Par CAS-INFO

C’est la bombe du jour en Republique démocratique du Congo. L’ancien vice-président de la république, Jean Pierre Bemba, a été acquitté vendredi des charges des crimes de guerre et crimes contre l’humanité par la chambre d’appel de la Cour pénale internationale. Le patron du Mouvement de libération du Congo (MLC) reste en prison mais devra retrouver sa liberté dans les prochains jours.

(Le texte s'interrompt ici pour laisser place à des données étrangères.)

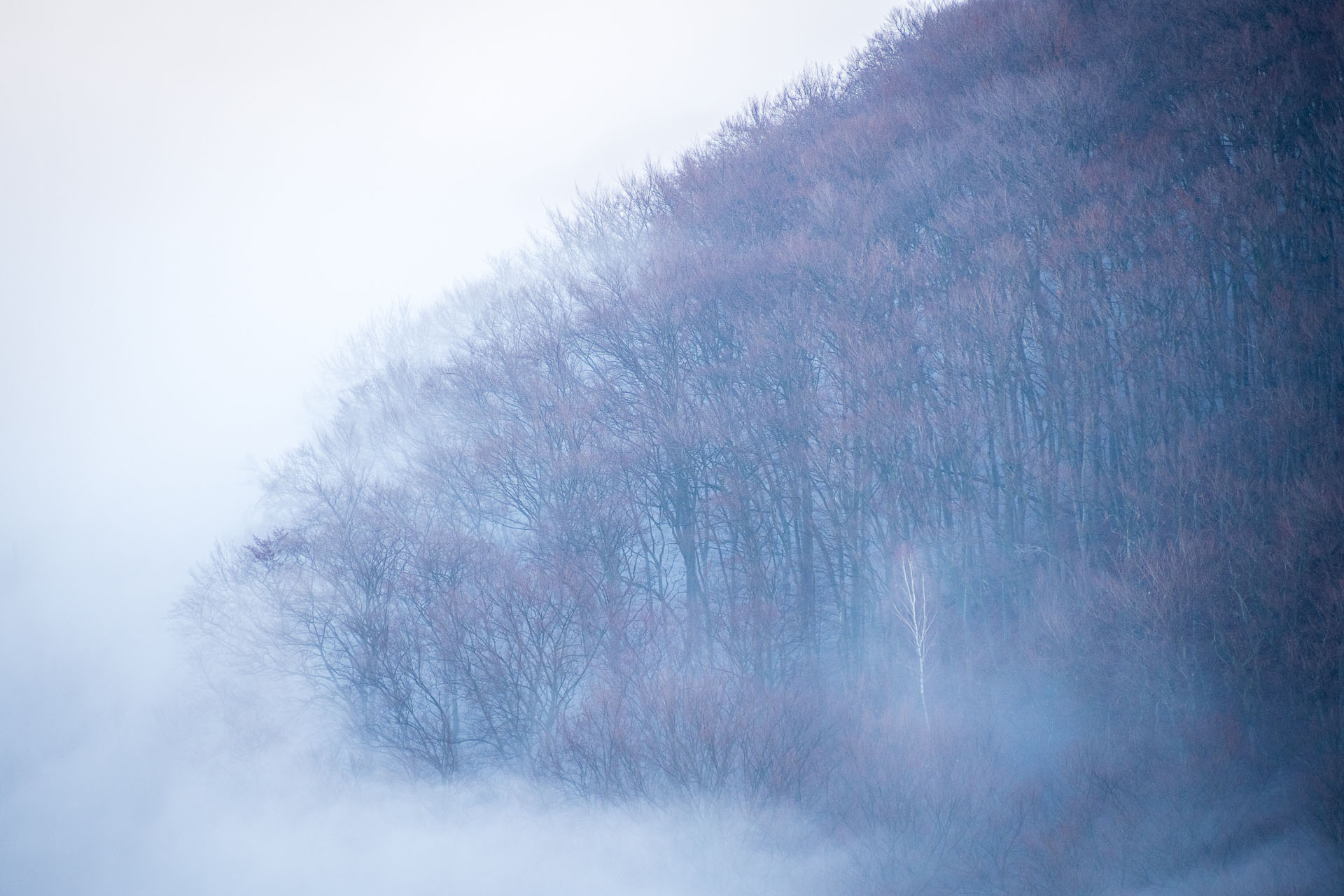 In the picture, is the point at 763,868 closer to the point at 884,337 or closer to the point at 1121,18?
the point at 884,337

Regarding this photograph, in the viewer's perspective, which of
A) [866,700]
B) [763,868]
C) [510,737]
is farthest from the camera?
[510,737]

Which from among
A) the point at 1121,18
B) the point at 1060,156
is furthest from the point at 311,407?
the point at 1121,18

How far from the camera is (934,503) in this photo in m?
19.7

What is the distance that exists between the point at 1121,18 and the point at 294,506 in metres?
29.9

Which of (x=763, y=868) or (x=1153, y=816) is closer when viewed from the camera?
(x=1153, y=816)

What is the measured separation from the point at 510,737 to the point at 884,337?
13716 millimetres

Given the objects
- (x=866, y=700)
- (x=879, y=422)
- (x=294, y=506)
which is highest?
(x=294, y=506)

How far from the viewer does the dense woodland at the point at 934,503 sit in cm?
1357

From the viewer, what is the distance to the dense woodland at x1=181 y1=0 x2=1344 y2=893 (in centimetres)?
1357

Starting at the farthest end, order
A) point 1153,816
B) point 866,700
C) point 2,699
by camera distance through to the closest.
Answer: point 2,699 < point 866,700 < point 1153,816

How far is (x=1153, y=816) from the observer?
12469 mm

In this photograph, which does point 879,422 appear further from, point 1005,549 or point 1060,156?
point 1060,156

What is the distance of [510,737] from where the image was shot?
57.8 feet

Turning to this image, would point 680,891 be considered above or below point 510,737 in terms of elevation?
below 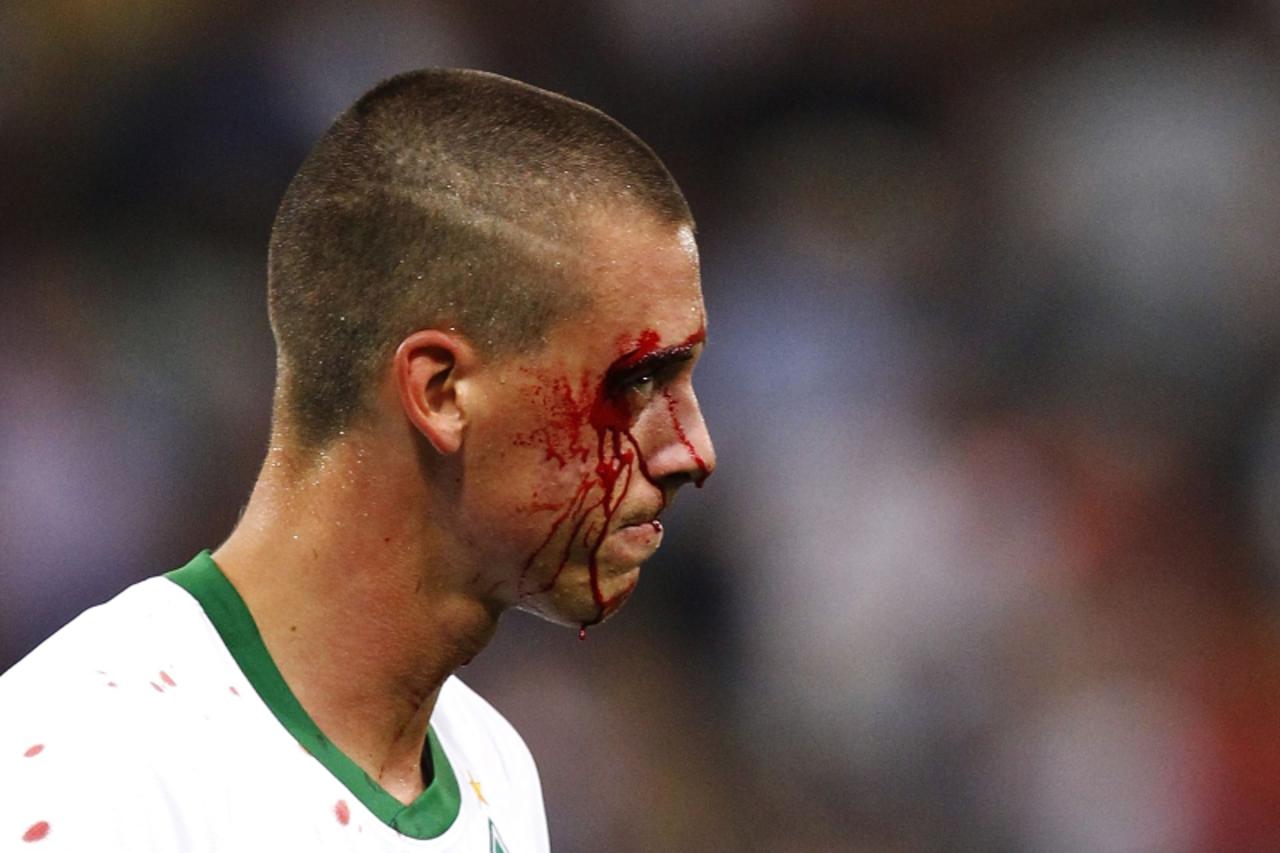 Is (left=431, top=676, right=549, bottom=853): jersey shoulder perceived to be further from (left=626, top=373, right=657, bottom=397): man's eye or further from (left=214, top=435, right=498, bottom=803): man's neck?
(left=626, top=373, right=657, bottom=397): man's eye

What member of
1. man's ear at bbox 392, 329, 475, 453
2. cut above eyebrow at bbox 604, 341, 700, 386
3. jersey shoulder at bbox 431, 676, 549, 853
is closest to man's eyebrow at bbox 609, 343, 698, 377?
cut above eyebrow at bbox 604, 341, 700, 386

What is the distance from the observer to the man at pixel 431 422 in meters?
1.62

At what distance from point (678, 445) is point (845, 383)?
2443mm

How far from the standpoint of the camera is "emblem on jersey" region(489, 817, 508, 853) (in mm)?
1872

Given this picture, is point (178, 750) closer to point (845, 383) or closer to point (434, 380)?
point (434, 380)

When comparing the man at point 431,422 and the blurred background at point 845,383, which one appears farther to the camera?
the blurred background at point 845,383

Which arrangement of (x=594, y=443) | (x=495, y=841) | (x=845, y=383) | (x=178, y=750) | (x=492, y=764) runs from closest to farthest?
(x=178, y=750) → (x=594, y=443) → (x=495, y=841) → (x=492, y=764) → (x=845, y=383)

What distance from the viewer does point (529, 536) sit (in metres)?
1.69

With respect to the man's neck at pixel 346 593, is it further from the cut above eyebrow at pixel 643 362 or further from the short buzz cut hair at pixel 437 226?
the cut above eyebrow at pixel 643 362

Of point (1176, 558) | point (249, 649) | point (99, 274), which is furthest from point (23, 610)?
point (1176, 558)

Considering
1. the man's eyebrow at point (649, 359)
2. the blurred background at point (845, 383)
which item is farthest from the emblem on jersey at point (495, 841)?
the blurred background at point (845, 383)

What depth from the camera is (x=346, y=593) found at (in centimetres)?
164

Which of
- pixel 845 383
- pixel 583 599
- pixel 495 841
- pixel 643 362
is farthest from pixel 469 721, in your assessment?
pixel 845 383

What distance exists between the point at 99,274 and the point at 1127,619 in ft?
8.46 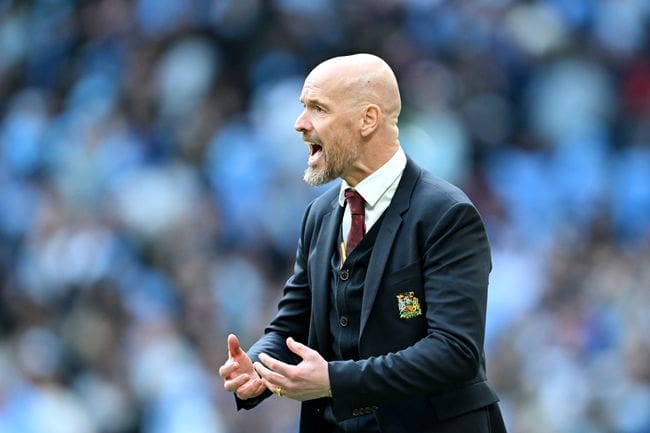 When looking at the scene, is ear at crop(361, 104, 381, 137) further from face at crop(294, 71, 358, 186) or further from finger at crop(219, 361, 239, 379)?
finger at crop(219, 361, 239, 379)

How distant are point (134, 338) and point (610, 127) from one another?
3682 millimetres

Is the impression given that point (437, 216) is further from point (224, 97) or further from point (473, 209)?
point (224, 97)

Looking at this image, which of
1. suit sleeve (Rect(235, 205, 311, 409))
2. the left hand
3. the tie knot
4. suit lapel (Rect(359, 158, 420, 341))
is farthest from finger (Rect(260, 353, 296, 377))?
the tie knot

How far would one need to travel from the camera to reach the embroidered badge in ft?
13.4

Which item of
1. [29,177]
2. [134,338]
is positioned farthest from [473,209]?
[29,177]

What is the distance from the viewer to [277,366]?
391cm

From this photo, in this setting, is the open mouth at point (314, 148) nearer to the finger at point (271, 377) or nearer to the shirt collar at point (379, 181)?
the shirt collar at point (379, 181)

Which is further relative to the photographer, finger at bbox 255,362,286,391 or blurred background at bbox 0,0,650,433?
blurred background at bbox 0,0,650,433

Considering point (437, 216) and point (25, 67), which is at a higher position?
point (25, 67)

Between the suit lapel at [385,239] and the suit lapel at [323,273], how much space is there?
7.0 inches

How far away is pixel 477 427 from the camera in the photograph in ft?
13.6

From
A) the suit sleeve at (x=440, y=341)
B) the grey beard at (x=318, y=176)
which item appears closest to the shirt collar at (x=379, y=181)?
the grey beard at (x=318, y=176)

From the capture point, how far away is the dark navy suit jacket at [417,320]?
3967 mm

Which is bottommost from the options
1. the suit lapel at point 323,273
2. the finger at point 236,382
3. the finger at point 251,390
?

Après 10 ans passés derrière les barreaux, Jean Pierre Bemba voit la lumière. Condamné en première instance à 18 ans de prison pour les crimes de « meurtre, de viol et de pillage » commis par ses troupes en Republique Centrafricaine entre octobre 2002 et mars 2003, l’ex vice-président congolais avait contesté ce verdict. Lui qui n’a cessé d’expliquer durant la dernière décennie, à la fois, avoir pris des mesures contre ses hommes fautifs partis porter main forte à l’ancien président centrafricain Ange-Félix Patassé et n’avoir eu aucun contrôle sur ces mêmes soldats qui étaient alors sous la responsabilité du gouvernement centrafricain. La chambre d’appel lui a donné raison.

« La chambre d’appel conclut à la majorité de ses membres que la conclusion de la chambre de première instance selon laquelle Jean Pierre Bemba n’avait pas pris toutes les mesures nécessaires et raisonnables au regard des crimes commis par les troupes du MLC en RCA est sérieusement entachée d’erreurs. Jean Pierre Bemba ne peut être considéré comme pénalement responsable sur la base de l’article 28 pour les crimes commis par les troupes du MLC pendant l’opération en RCA », a declaré Christine Van Den Wijngaert, l’une des juges de la chambre d’appel.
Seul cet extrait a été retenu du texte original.